Defendant's sole contention on appeal is that County Court lacked the jurisdiction to accept her plea of guilty because assault in the second degree, as pleaded to by defendant, is not a lesser included charge of assault in the first degree, as was charged in the indictment. We disagree. As an initial matter, although County Court may have failed to comply with the applicable statutory scheme in accepting defendant's plea (see CPL 220.10), defendant's objection to such statutory noncompliance is forfeited by operation of the plea itself (see People v Keizer, 100 NY2d 114, 119 [2003]; cf. People v Ford, 62 NY2d 275 [1984]). Moreover, for reasons more fully discussed below, we see no jurisdictional impediment, under the factual [*2]circumstances of this case, to County Court's acceptance of defendant's plea.
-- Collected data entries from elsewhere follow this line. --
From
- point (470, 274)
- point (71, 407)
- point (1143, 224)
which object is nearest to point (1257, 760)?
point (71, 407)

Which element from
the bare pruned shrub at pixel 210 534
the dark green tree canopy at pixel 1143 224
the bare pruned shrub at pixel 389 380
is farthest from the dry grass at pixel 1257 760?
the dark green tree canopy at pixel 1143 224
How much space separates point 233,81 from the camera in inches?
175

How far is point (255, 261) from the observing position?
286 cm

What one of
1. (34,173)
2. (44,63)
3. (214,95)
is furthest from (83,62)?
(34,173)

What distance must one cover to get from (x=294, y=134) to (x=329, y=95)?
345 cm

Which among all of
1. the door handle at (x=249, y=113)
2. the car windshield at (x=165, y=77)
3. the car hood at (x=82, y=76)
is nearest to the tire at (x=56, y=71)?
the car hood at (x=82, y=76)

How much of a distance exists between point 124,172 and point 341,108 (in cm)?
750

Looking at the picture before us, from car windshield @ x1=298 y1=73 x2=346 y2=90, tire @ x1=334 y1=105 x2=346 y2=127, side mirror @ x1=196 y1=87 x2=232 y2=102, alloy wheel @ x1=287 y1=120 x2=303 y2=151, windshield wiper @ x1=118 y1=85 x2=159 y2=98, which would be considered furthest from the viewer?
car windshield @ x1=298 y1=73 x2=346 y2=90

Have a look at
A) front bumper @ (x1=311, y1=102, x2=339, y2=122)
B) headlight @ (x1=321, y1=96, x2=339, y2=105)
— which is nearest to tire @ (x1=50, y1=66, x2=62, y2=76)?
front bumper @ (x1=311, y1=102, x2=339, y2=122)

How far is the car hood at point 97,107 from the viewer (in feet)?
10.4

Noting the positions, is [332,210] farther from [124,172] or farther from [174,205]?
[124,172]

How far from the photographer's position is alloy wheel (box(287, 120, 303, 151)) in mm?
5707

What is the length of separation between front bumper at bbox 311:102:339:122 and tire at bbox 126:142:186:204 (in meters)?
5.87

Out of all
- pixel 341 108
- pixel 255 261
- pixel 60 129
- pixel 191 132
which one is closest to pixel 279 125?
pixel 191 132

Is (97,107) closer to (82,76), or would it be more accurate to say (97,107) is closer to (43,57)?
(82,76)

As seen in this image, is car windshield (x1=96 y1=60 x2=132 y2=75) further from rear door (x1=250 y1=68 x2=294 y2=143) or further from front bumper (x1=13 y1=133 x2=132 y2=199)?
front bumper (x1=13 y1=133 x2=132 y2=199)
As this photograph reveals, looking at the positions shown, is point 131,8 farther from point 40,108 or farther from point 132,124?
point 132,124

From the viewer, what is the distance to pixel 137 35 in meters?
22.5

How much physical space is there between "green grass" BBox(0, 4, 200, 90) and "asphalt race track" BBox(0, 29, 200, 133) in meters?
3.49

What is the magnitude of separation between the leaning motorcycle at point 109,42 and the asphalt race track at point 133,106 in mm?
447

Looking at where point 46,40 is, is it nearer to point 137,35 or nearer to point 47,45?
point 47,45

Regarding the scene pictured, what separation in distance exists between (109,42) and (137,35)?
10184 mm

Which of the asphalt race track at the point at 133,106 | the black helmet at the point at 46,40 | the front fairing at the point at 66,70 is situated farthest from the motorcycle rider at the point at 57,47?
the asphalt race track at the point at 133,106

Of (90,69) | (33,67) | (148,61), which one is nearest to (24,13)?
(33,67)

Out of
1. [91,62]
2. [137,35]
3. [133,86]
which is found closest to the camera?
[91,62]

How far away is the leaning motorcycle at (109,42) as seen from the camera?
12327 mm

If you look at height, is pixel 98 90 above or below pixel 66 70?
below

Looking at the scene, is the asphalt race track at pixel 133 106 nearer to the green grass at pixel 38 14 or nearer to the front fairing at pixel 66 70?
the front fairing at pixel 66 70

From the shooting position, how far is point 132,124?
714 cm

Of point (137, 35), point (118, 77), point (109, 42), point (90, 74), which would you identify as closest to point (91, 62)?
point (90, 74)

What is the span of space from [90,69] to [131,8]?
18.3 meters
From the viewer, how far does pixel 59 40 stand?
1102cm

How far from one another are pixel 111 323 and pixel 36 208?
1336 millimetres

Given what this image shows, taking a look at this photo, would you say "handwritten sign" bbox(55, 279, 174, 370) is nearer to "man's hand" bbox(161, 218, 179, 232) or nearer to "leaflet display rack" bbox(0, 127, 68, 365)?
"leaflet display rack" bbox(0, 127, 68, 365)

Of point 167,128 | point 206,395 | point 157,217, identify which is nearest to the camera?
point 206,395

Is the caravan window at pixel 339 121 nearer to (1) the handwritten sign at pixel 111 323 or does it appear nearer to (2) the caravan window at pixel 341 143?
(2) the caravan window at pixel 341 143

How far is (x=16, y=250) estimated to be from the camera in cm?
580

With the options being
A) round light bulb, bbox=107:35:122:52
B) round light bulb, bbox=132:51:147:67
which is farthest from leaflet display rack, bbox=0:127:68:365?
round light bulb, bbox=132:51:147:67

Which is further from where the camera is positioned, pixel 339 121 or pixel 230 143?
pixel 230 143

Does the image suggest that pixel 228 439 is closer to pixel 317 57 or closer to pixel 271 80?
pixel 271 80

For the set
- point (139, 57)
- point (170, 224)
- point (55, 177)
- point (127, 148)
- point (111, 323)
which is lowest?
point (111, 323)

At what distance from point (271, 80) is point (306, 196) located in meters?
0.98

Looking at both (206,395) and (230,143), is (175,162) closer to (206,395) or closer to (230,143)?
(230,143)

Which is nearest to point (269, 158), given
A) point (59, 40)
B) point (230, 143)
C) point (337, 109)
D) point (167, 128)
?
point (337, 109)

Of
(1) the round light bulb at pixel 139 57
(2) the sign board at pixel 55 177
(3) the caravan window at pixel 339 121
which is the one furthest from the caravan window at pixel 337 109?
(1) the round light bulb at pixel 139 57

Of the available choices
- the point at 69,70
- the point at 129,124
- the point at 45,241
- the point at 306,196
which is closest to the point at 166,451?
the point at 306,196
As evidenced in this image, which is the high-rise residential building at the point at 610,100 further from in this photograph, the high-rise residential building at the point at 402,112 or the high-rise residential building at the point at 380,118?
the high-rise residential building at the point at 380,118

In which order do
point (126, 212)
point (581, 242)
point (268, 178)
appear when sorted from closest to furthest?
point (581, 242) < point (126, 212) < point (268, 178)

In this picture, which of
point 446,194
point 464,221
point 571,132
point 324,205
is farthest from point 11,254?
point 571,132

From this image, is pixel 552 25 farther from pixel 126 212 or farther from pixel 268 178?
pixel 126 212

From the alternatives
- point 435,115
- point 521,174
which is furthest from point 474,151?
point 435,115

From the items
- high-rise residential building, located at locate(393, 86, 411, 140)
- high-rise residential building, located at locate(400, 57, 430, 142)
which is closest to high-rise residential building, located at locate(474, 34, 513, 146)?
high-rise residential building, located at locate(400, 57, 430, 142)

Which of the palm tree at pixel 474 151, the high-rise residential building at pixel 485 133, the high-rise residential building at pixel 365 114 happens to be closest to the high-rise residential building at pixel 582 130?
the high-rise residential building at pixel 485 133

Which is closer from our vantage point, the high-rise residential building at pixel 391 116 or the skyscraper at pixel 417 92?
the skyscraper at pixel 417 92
CPL 220.10 defines the types of pleas which a defendant may enter to an indictment and specifies, under circumstances present herein, that a defendant may plead guilty to "a lesser included offense with respect to any . . . of the offenses charged" in the indictment (CPL 220.10 [4] [b]). In turn, a "lesser included offense" is comprised of crimes statutorily defined as such (see CPL 1.20 [37]) and, with respect to pleas of guilty, the term also includes crimes deemed to be lesser included offenses pursuant to the rules enumerated in CPL 220.20 (1) (a)-(k). As was charged in count one of the instant indictment, Penal Law § 120.10 (3) provides that one is guilty of assault in the first degree when, "[u]nder circumstances evincing a depraved indifference to human life, he [or she] recklessly engages in conduct which creates a grave risk of death to another person, and thereby causes serious physical injury to another person." Inasmuch as the crime pleaded to herein requires a level of intent not present in the crime charged (compare Penal Law § 120.10 [3], with Penal Law § 120.05 [8]), we concur with defendant that the crime pleaded to in this instance is neither a statutorily-defined lesser included offense nor is it one of the extensions of that concept as set forth in CPL 220.20 (compare CPL 220.20 [1] [a]).
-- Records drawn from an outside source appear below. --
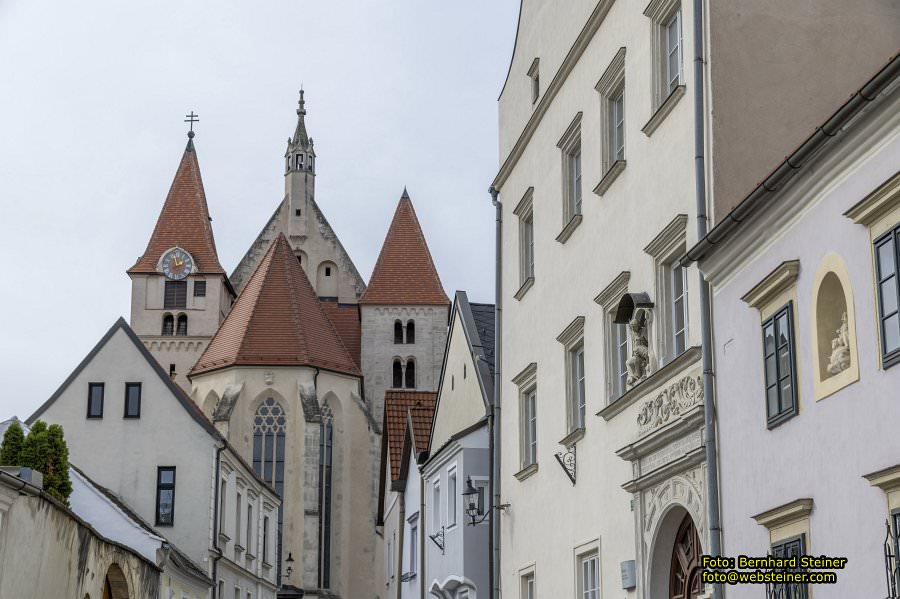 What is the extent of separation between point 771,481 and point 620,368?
5261 millimetres

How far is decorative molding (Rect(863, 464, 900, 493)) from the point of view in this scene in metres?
8.63

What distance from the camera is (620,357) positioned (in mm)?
16156

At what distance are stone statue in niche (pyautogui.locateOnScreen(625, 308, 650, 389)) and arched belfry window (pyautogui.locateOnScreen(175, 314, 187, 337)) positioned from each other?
54.5 m

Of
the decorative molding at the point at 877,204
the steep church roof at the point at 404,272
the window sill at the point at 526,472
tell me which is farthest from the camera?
the steep church roof at the point at 404,272

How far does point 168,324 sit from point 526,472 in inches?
1955

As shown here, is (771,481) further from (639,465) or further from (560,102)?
(560,102)

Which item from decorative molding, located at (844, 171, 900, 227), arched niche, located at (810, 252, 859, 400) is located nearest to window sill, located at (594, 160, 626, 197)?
arched niche, located at (810, 252, 859, 400)

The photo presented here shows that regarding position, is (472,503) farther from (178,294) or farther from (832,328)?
(178,294)

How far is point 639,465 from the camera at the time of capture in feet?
48.1

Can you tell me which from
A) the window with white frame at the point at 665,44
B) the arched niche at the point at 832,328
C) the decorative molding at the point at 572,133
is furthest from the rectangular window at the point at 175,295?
the arched niche at the point at 832,328

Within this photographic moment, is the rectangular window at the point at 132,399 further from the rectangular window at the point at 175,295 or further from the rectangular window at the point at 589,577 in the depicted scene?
the rectangular window at the point at 175,295

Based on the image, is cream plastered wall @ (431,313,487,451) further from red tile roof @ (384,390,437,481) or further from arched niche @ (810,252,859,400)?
arched niche @ (810,252,859,400)

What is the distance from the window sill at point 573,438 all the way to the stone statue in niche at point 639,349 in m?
2.49

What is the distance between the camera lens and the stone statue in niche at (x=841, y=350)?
959 centimetres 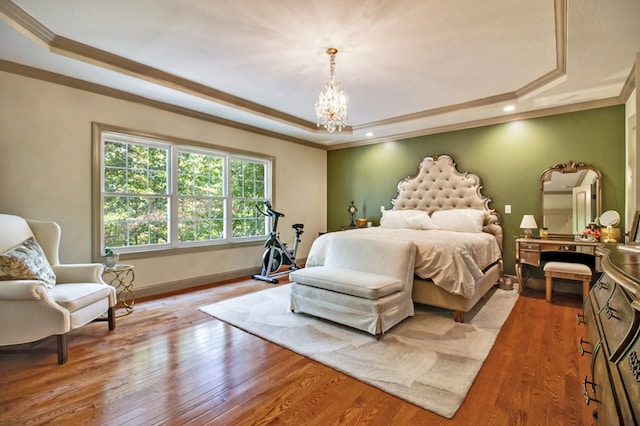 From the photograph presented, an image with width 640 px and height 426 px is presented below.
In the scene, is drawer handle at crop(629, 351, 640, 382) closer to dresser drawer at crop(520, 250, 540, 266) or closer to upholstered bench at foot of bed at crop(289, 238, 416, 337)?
upholstered bench at foot of bed at crop(289, 238, 416, 337)

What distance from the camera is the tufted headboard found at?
4.78 m

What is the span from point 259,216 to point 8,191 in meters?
3.25

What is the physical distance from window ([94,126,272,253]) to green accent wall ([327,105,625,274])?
2.22m

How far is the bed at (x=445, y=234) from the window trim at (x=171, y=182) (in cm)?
172

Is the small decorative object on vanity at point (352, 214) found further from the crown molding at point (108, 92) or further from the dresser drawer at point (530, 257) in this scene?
the dresser drawer at point (530, 257)

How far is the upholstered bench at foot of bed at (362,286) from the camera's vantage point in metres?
2.70

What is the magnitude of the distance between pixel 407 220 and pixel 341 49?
2.94 metres

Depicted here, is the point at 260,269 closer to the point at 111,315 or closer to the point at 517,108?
the point at 111,315

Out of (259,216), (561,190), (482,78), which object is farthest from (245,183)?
(561,190)

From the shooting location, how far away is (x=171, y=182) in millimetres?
4305

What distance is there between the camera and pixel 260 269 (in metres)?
5.43

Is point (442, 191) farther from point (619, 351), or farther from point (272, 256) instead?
point (619, 351)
However, we cannot agree that People v Johnson (89 NY2d 905 [1996]) requires vacatur of the plea. In Johnson, the Court of Appeals concluded that acceptance of the defendant's plea, in contravention of the plea constraints expressed in CPL 220.10, required vacatur of the plea in the absence of "any apparent factual relationship between the [pleaded crime] and the [charged crime]" (id. at 907). Nonetheless, the Court expressly sanctioned a plea of guilty to a "technically inconsistent" lesser crime so long as the pleaded-to crime (1) "shar[es] common elements and involv[es] the same victim" as the charged crime, and (2) is of a lesser grade than the crime charged (id. at 908, citing People v Adams, 57 NY2d 1035, 1038 [1982]; see People v McCammon, 171 Misc 2d 875 [1997]). Here, the pleaded-to crime is undisputedly of a lesser grade than the crime charged, unlike the crimes at issue in People v Johnson (supra at 906-907), and each crime involves the same victim and essentially the same factual circumstances. Accordingly, we conclude that County Court did not act in excess of its jurisdiction in accepting defendant's plea (see People v Pitts, 305 AD2d 1097, 1097-1098 [2003]).

Spain, J.P., Carpinello, Mugglin and Rose, JJ., concur. Ordered that the judgment is affirmed.